▶ [What you should do]
Using the data below, return the stretch from the line that contains "QSL Card for LA8FTA QSO with EI8GP" through the line that contains "硅铁:盘面高点精确触及日线结构洗盘价格带", both included, exactly as it stands and nothing beyond it.

▶ [Source data]
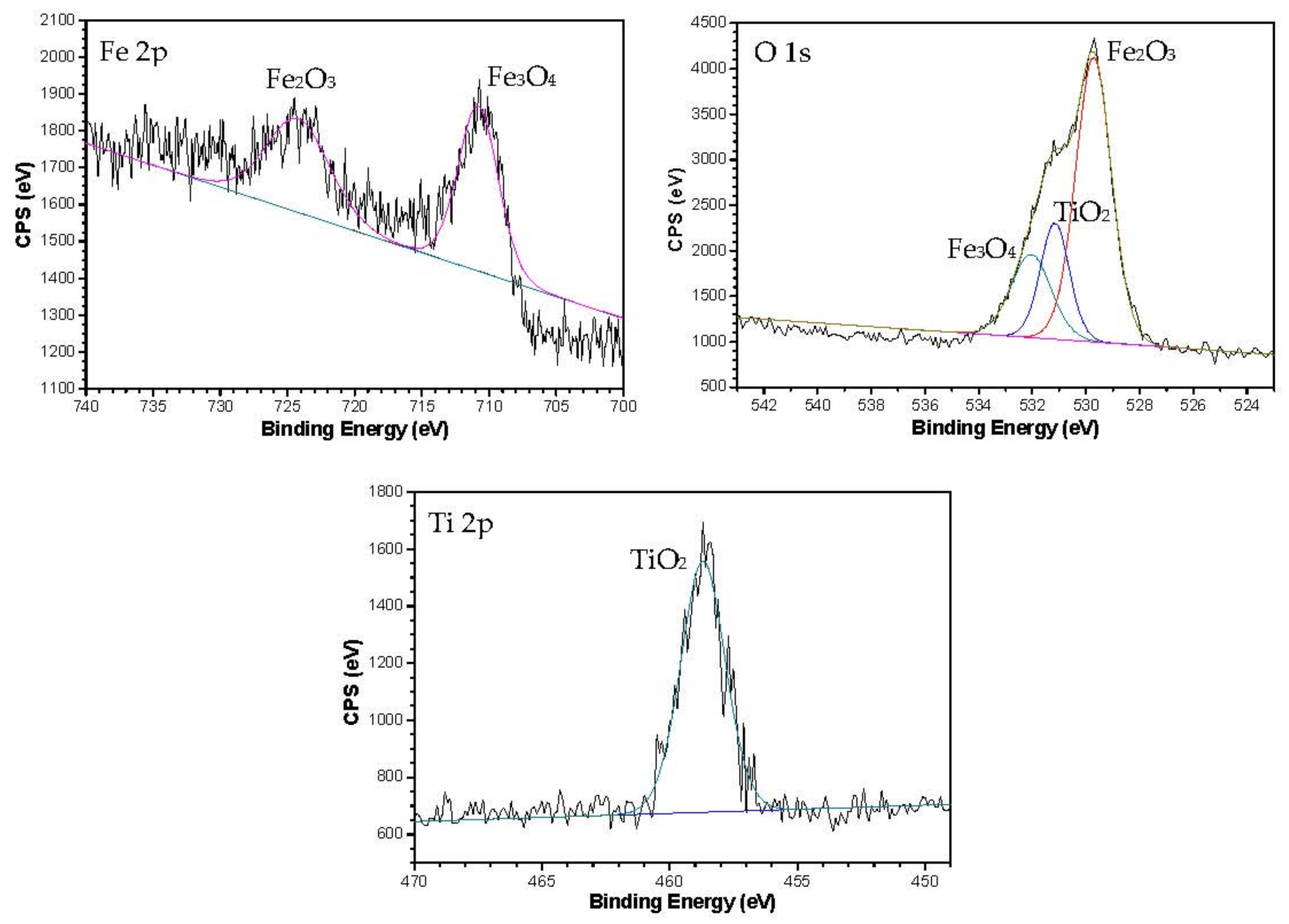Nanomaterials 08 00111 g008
---
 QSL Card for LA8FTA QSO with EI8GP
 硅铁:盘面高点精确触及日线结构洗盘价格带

▶ [Answer area]
 QSL Card for LA8FTA QSO with EI8GP
 硅铁:盘面高点精确触及日线结构洗盘价格带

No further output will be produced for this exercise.